Merging fine-tuned models

Contents

Merging fine-tuned models#

After fine-tuning a model, it must be merged with the base model to make a new model others can simply download and try.

base_model = "google/gemma-2b-it"
new_model = "gemma-2b-it-bia-proof-of-concept2"
user_org = "haesleinhuepf"

For the merging step, we reload the model and the base model.

from transformers import AutoModelForCausalLM, AutoTokenizer, pipeline
from peft import PeftModel
import torch
from trl import setup_chat_format
# Reload tokenizer and model
tokenizer = AutoTokenizer.from_pretrained(base_model)

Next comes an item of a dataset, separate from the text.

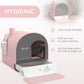 Pink Covered Cat Litter Box with Odor Filter - Complete Privacy Kit with Tray, Scoop & Mat | Compact Hooded Litter House - The Max & Rex Collection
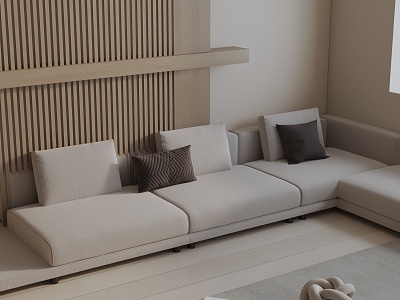 Modern three-seat sofa 3d model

base_model_reload = AutoModelForCausalLM.from_pretrained(
        base_model,
        return_dict=True,
        low_cpu_mem_usage=True,
        torch_dtype=torch.float16,
        device_map="auto",
        trust_remote_code=True,
)

base_model_reload, tokenizer = setup_chat_format(base_model_reload, tokenizer)

# Merge adapter with base model
model = PeftModel.from_pretrained(base_model_reload, new_model + "_temp")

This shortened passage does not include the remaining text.